**TASK GOAL**: Begin at the line containing "2004 Lagoon 43 Power Cat" and restate it and each line after it exactly, up to and including the last line below. Leave pictures out.

**Captioned web images**:
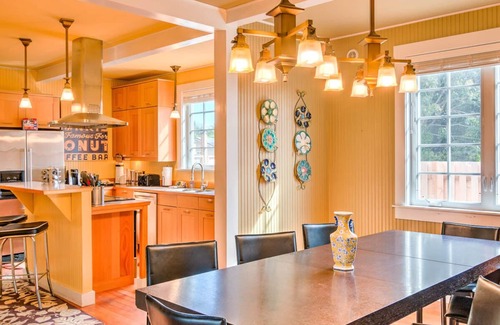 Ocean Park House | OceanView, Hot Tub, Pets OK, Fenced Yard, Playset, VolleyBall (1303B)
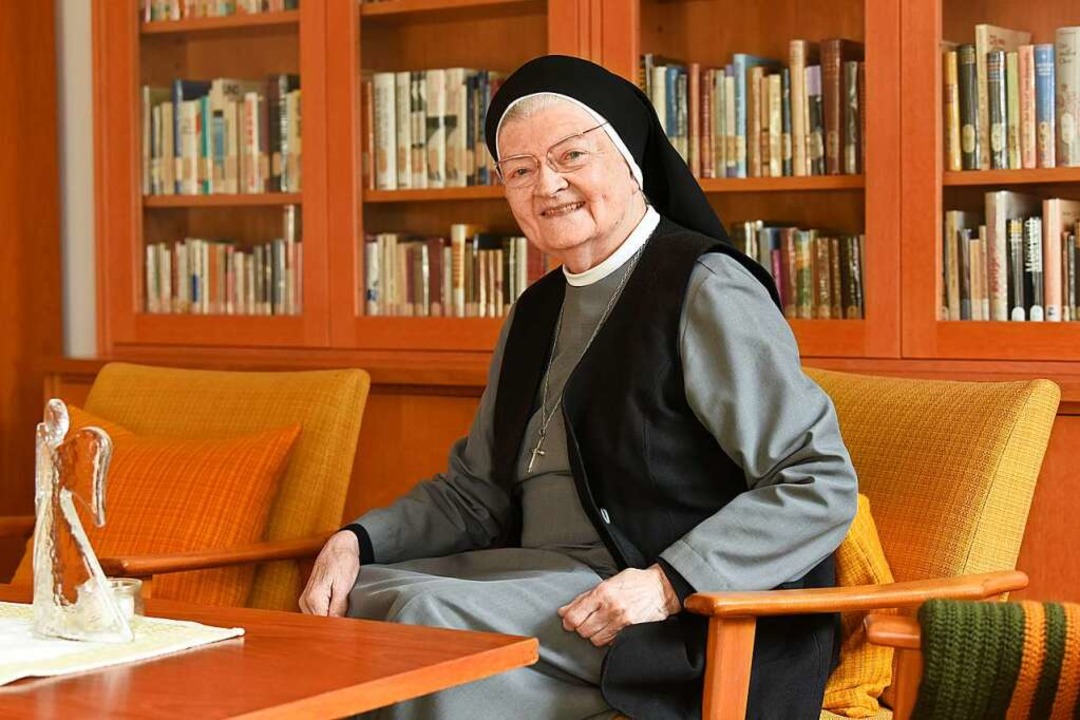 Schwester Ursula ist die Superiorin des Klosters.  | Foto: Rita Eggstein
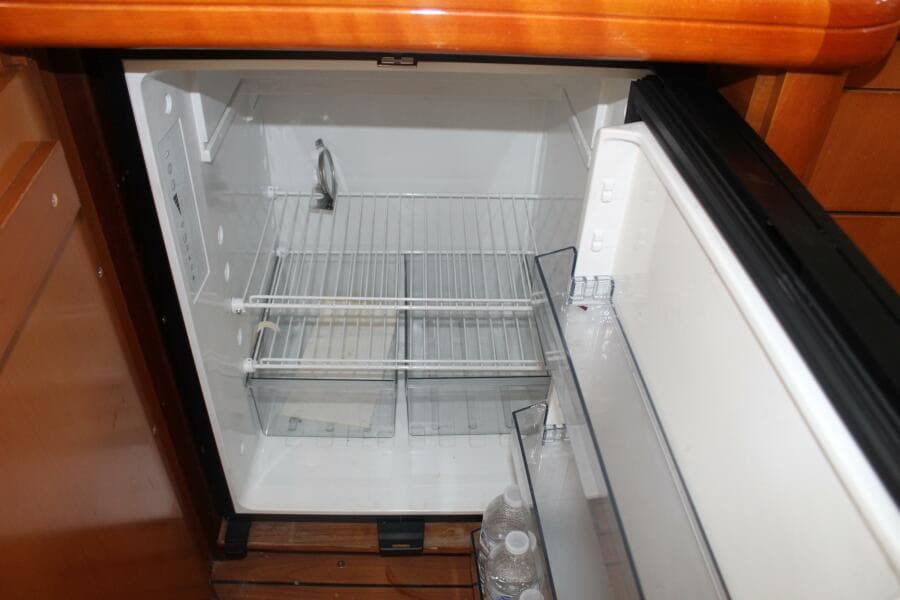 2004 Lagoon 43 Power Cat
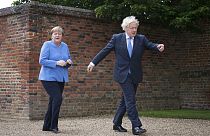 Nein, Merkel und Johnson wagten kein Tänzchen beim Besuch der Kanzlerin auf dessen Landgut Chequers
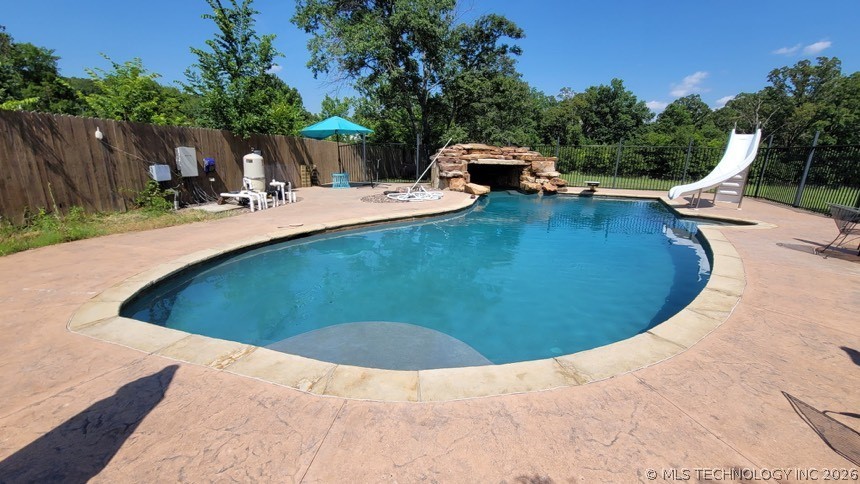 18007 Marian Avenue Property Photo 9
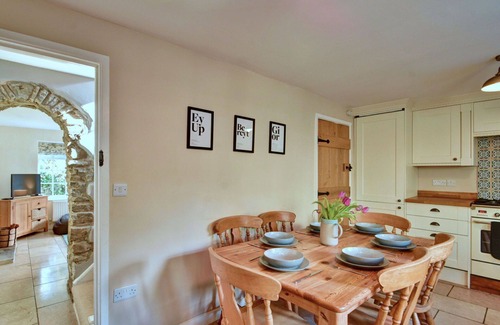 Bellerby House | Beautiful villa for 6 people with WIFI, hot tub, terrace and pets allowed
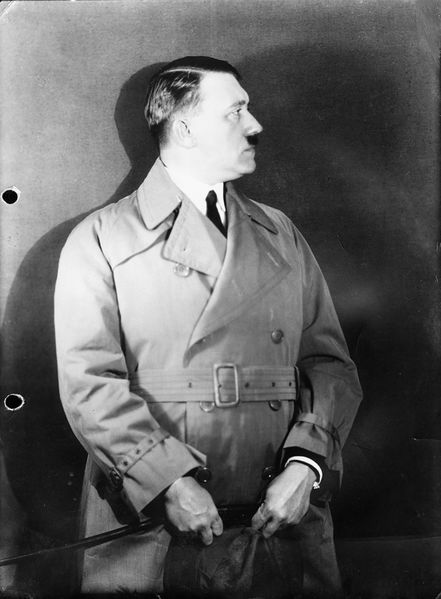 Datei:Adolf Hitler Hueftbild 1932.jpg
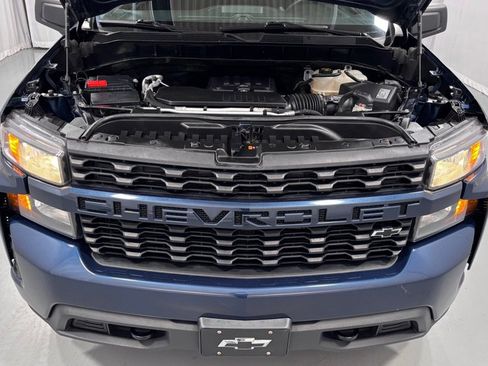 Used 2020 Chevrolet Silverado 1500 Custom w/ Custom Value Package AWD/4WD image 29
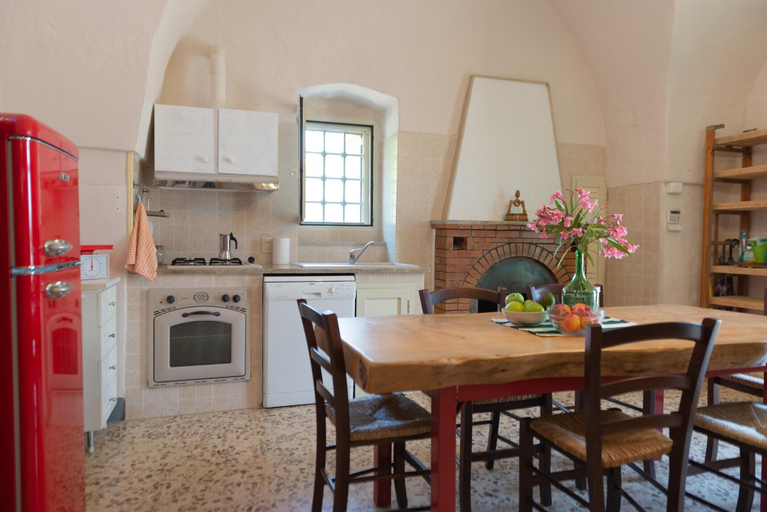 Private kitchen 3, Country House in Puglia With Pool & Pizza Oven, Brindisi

**TASK ANSWER**:
 2004 Lagoon 43 Power Cat
 Nein, Merkel und Johnson wagten kein Tänzchen beim Besuch der Kanzlerin auf dessen Landgut Chequers
 18007 Marian Avenue Property Photo 9
 Bellerby House | Beautiful villa for 6 people with WIFI, hot tub, terrace and pets allowed
 Datei:Adolf Hitler Hueftbild 1932.jpg
 Used 2020 Chevrolet Silverado 1500 Custom w/ Custom Value Package AWD/4WD image 29
 Private kitchen 3, Country House in Puglia With Pool & Pizza Oven, Brindisi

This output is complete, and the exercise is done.